Exploring the Intersectionality Between Technology Firms and Inequality
In this article, co-authors Brett Anitra Gilbert and Meredith Burnett reflect on their interests and the inspiration behind their research article, “Firm Heterogeneity and Inequality: A Regional Perspective,” found in Business & Society.
My interest in this topic began after reading an increasing number of popular press articles on growing inequality in regions of technology firms. Knowing that firms have contributed to various social problems, I committed to understanding how firms affect regional inequality. Because the high pay that technology workers receive was believed to imbalance income in the region, which leads to other problems, I knew that any project would require a collaboration with an HR colleague. Fortunately, Meredith works in my department, and holds the expertise that would help me develop the arguments you’ll read in this paper.
Meredith started her research on HR strategy and total rewards in 2011 when it was established that multinational corporations that their total rewards and compensation and benefits policies maximize recruitment efforts. She became particularly interested in learning more about how international compensation, recruitment, and staffing strategies are related to firm outcomes and sought out collaborations with colleagues who study both international and domestic firms. So this topic enabled us both to combine our relative areas of expertise to develop holistic theory about firms, HR practices and regional inequality.
The article challenges management scholars to look beyond CEO compensation in their research, and to incorporate a more holistic perspective on the impact of heterogenous firms and compensation practices on societal outcomes. It also encourages the field to consider whether it is high- or low-income levels that are driving inequality, because each of these drivers may require different policy mechanisms to address them. Finally, it challenges the field to examine inequality at the local (MSA) level, since that is where firms and employees experience the negative outcomes of inequality.
The review process enhanced our initial submission in important ways. One reviewer believed that the decisions might look different for family businesses and under certain conditions (e.g. the pandemic). We agreed that it could, but not only for family businesses, also potentially for international vs. domestic companies, and publicly traded vs. private companies, as well as under different types of shocks. So, we added the exogenous shocks and ownership contingencies into the model.

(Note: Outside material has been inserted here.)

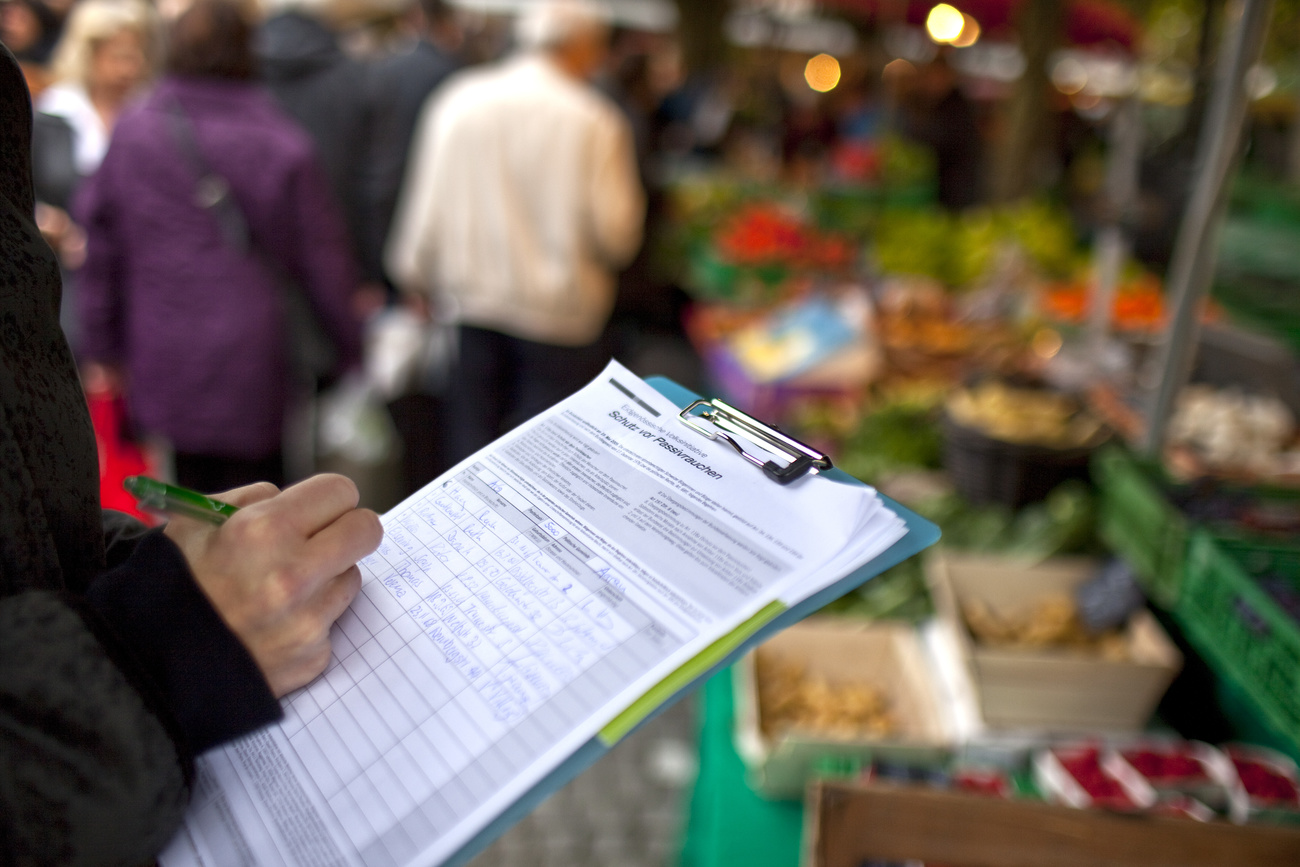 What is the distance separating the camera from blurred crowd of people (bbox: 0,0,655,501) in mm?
2812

For managers, our research encourages them to consider how their human capital strategy impacts their local region. For example, predominant hiring from outside of the region can increase upper wage levels within the region, while extensive use of part time and contingent employment arrangements can affect lower wage levels. HR managers are encouraged to ensure the local workforce of the future holds the skills that the industry will ultimately need, while monitoring employment arrangements to avoid contributing to a poorly paid labor market.
To conclude, we believe this research generates many interesting questions that can influence how managers and policy makers impact regional inequality. We hope that the topic encourages many empirical tests of these relationships, and that you enjoy reading about our work!